(Beginning of Materials provided)

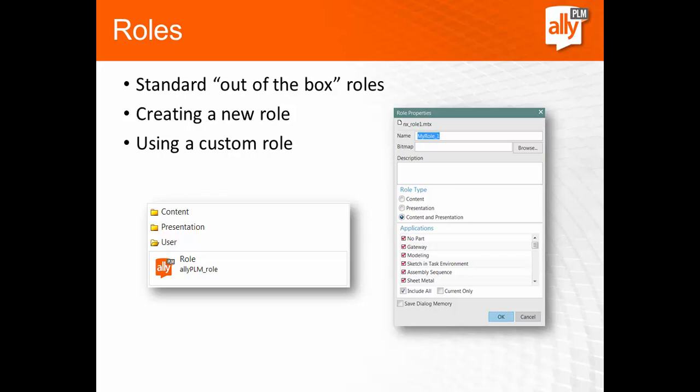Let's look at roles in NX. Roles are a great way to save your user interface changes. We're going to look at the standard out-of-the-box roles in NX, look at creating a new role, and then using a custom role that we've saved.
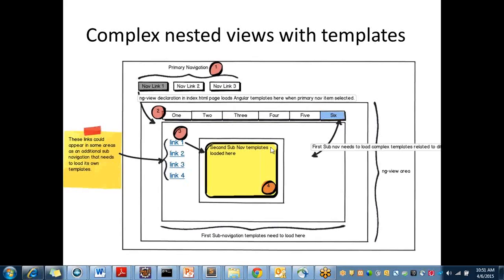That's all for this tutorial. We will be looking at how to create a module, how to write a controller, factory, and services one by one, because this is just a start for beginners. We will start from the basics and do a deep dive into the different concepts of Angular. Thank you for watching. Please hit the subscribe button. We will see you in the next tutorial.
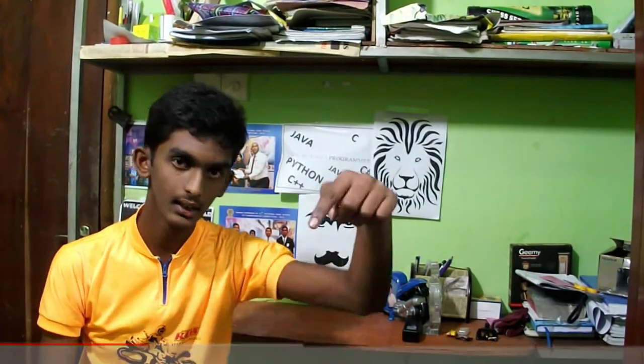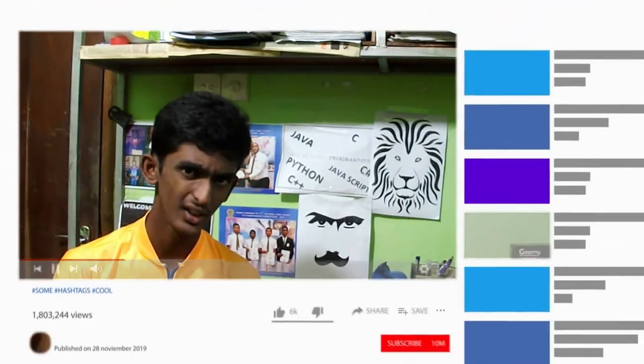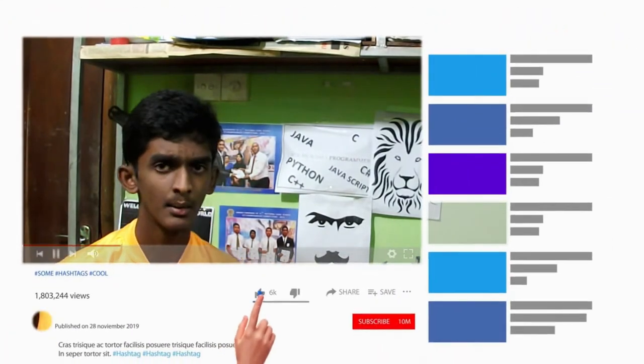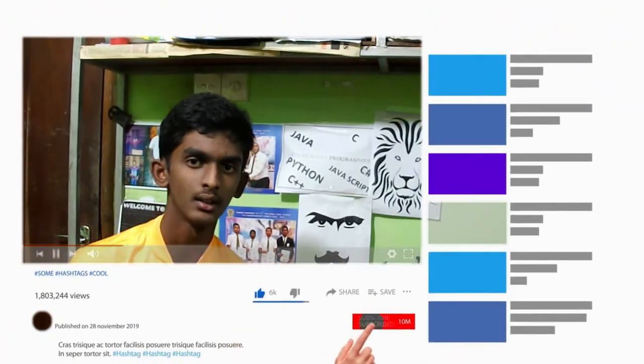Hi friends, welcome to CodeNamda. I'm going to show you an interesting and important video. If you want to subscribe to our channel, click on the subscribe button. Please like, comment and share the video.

(End of Materials provided)
(Beginning of Materials provided)

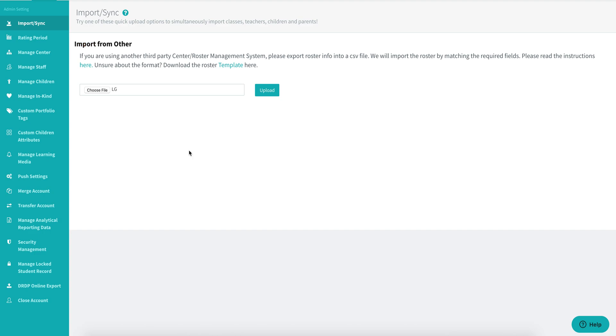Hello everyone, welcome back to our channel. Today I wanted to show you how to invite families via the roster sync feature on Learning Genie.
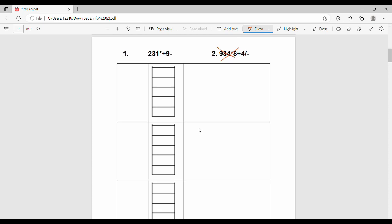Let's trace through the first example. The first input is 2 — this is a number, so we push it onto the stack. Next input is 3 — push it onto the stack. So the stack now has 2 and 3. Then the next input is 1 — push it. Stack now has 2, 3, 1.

(End of Materials provided)

**About this exercise:** All that should be printed is the run of lines above from the one with "Hello everyone, welcome" through the one with "Let's trace through", both included, exactly as given, with pictures left out.

**Response for this exercise:**
Hello everyone, welcome back to our channel. Today I wanted to show you how to invite families via the roster sync feature on Learning Genie.
Let's trace through the first example. The first input is 2 — this is a number, so we push it onto the stack. Next input is 3 — push it onto the stack. So the stack now has 2 and 3. Then the next input is 1 — push it. Stack now has 2, 3, 1.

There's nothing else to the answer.